Note: items 1–3 touch **tracked** files, so they are part of the same
"don't ship during 0.8.48" hold. The brand-new (untracked) Telegram bridge can
be converted to `CODEWHALE_*` first as the reference implementation.

## Tests

- `registry.rs`: every `CloudTarget`/`BridgeSpec` slug is unique; each bridge's
  `package_dir`/`service_unit`/`env_template` exists.
- `bundle.rs`: rendering a bundle for each cloud×bridge×provider triple produces
  files with `CODEWHALE_*` keys, a matching runtime/bridge token, and a non-empty
  RUNBOOK.
- `provision`: `plan()` returns the expected ordered steps; **commands are built
  but never executed** in tests (assert on program+args, secrets redacted).

## Extensibility check

- Add **GCP**: one `CloudTarget` row + a `provision/gcp.rs` + a cloud-init reuse.
- Add **Slack**: one `BridgeSpec` row + `integrations/slack-bridge` + template.
No changes to the wizard control flow — it iterates the registries.

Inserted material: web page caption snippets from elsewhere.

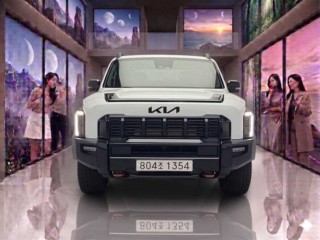 기아 타스만 2.5 T-GDI 4WD X-Pro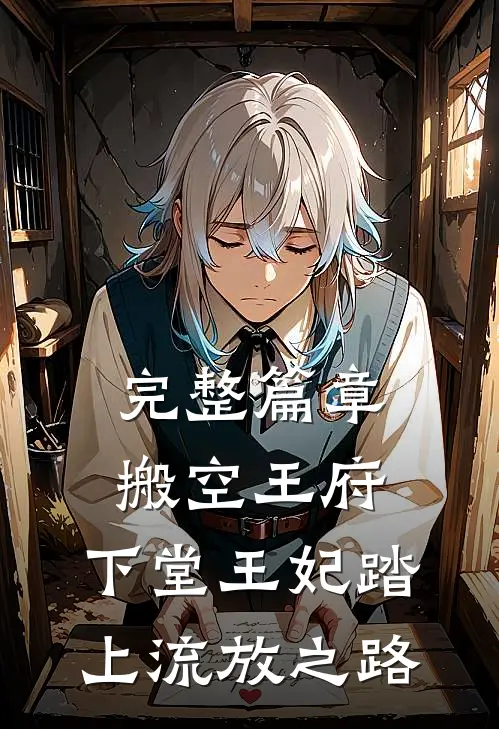 完整篇章搬空王府,下堂王妃踏上流放之路的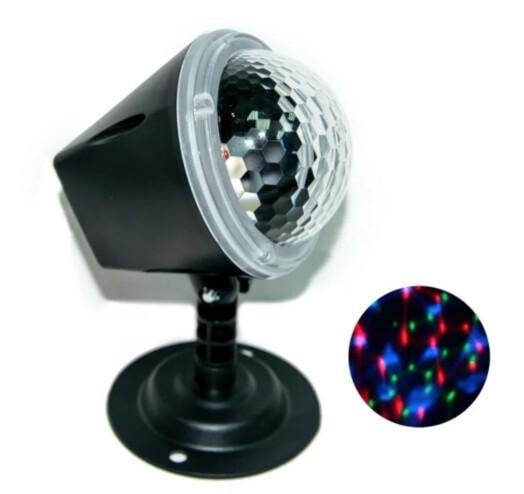 Диско-установка лазерная Laser Light SE 371-01 (7414) - фото 2 Диско-установка лазерная Laser Light SE 371-01 (7414) - фото 2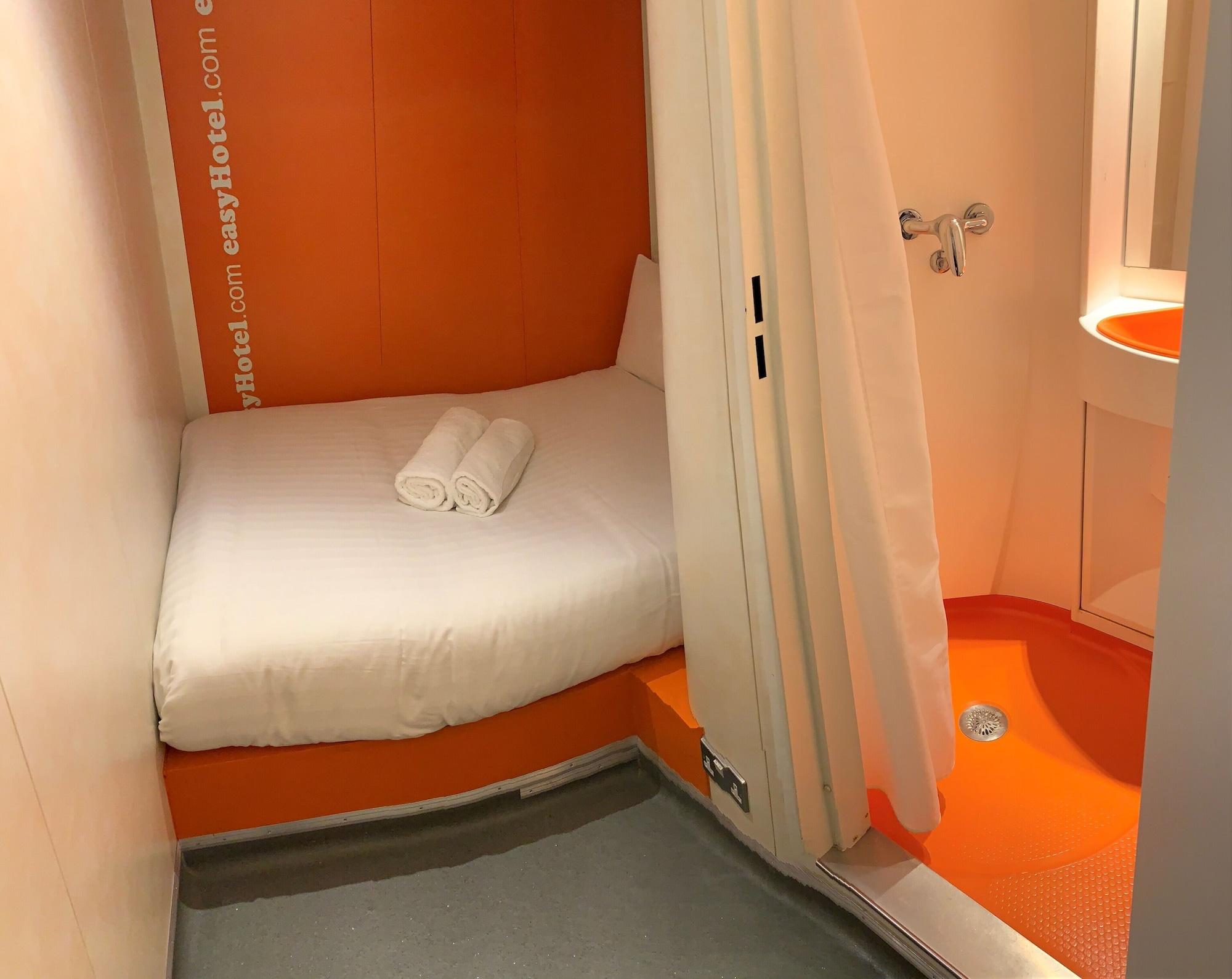Easyhotel South Kensington London Luaran gambar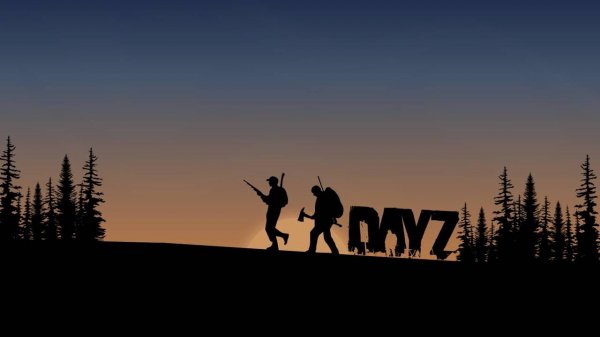 Dayz Dusk - Место для базы \ r5 5600x + rtx 4070
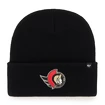 Czapka zimowa 47 Brand  NHL Ottawa Senators Haymaker  ’47 CUFF KNIT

## Suggested sequencing (given the 0.8.48 freeze)

1. **Now (safe, untracked):** convert the new Telegram bridge to `CODEWHALE_* ??
   DEEPSEEK_*`; finalize this design.
2. **Post-0.8.48, branch:** namespace migration on tracked bridges + deploy units.
3. **Then:** implement `remote-setup` (registry → bundle → Azure provisioner →
   Lighthouse provisioner), generate-only first, `--apply` second.